• _EXERCISE PROMPT_:
Using the material that follows, work out how many lines include the word "with". Your answer should be that number only.

** STUDY MATERIAL follows **

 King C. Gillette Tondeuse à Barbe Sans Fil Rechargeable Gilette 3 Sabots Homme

** End of STUDY MATERIAL **
** STUDY MATERIAL follows **

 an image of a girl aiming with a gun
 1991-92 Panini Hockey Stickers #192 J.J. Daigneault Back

** End of STUDY MATERIAL **
** STUDY MATERIAL follows **

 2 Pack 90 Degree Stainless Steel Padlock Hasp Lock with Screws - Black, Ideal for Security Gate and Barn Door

** End of STUDY MATERIAL **

• _EXPECTED ANSWER_:
2